Next week sees the release of flash Eurozone PMI data on the same day that the European Central Bank's Governing Council meets to decide on monetary policy. The policy meeting and data will be eyed for insights into whether the recent deterioration in performance of the eurozone economy has persisted at the start of 2019, and whether the central bank may adjust its policy stance and guidance.
The ECB ratcheted up its hawkish rhetoric in 2018 after the economic data showed a surprisingly strong start to the year, only to see the numbers deteriorate as the year proceeded. The worsening economic trends failed to prevent the ECB going ahead with a planned ending of its quantitative easing programme in December, but with the latest PMI survey data indicating the slowest rate of eurozone business growth for over four years alongside a marked easing in price pressures, policymakers are at least starting to acknowledge increased downside risks to the economy.
The headline IHS Markit Eurozone Composite PMI® fell from 52.7 in November to 51.3 in December, its lowest since November 2014. The output index is consistent with a quarterly GDP growth rate of just 0.1% in December alone.
A PMI-based "price pressures" gauge, an inflation indicator based on input costs and supplier delivery times (the latter being indicative of capacity utilization), meanwhile fell from 60.5 to 57.9, its lowest since October 2016.

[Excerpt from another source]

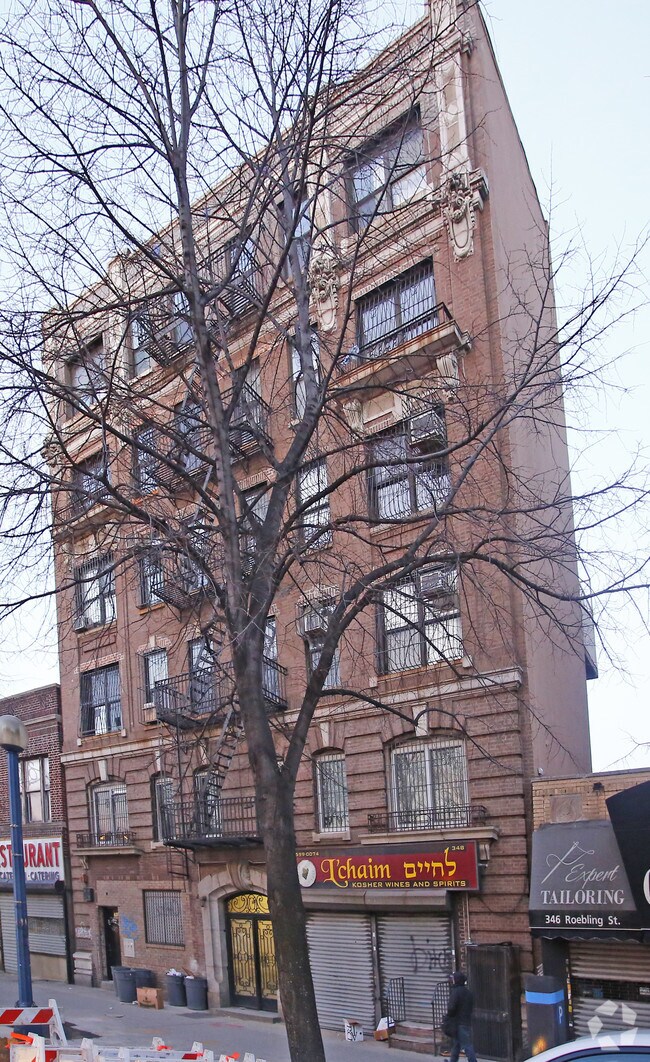 Building Photo - 348 Roebling St
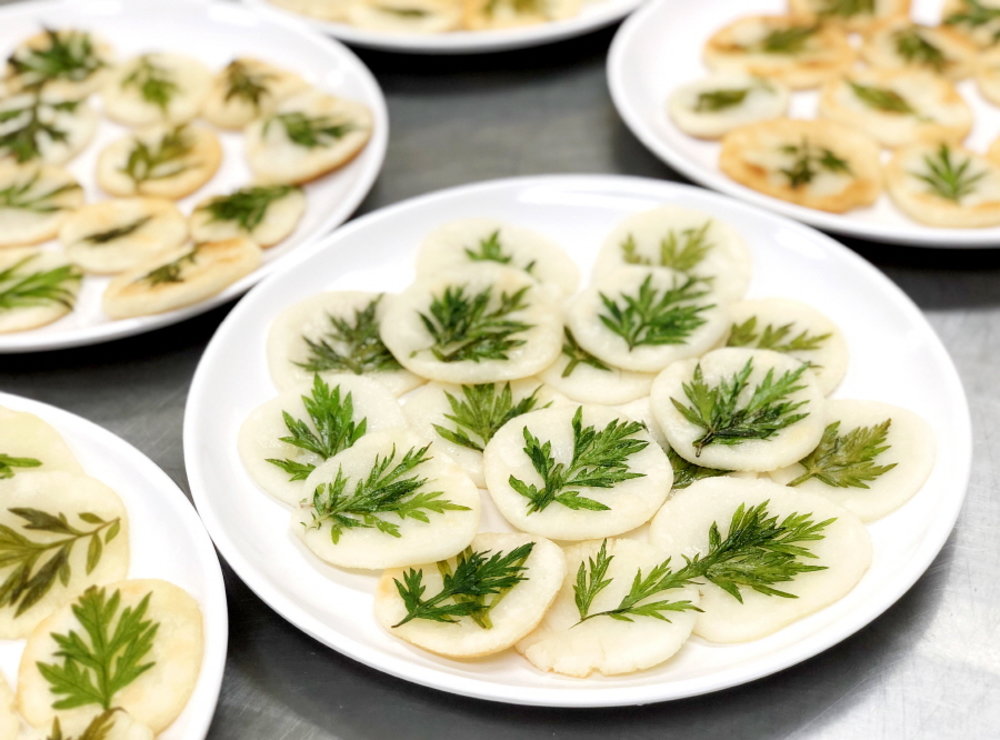 rice cakes with leaves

These two indicators have in the past been very useful guides to ECB policy changes (see charts). Any move above 57 for the PMI composite output index usually represents hawkish territory, while readings below 51 are more consistent with additional stimulus.
However, the rate prescription also depends heavily on price trends. In that respect, an elevated price pressure index above 60 is indicative of the ECB mulling rate hikes while a drop below 50 is dovish.
At the moment, both output and price indicators have moved firmly out of hawkish territory at 51.3 and 57.9, respectively, though are not yet fully consistent with the ECB loosening policy.
A more comprehensive statistical analysis of the relationship between PMI price and output data against historical ECB decisions confirms that the survey data have moved into territory more aligned with policy stimulus rather than tighter policy, though again the signals are not compelling.
The model we have developed sends an 8% probability of a rate cut against just a 1% probability of tighter policy. Albeit low at face value, the resulting net implied probability of a rate cut is currently the highest since May 2016, which was just after the ECB cut rates to 0% in March 2016.
Given the deteriorating data flow, ECB head Mario Draghi has at least now acknowledged that the balance of risks to growth has moved to the downside. "It's a slowdown, which is not heading towards a recession, but it could be longer than expected", Draghi remarked in a speech on 15th January.
The central bank also recently downgraded growth projections for both 2018 and 2019, albeit still expecting to see a 1.7% expansion in 2019 after 1.9% growth in 2018. Such a view may soon seem optimistic unless the data pull higher at the start of 2019. IHS Markit is currently forecasting GDP growth of just 1.4% in 2019. In that respect, January's PMI data will therefore provide the first piece of the puzzle in the picture for the economy in 2019.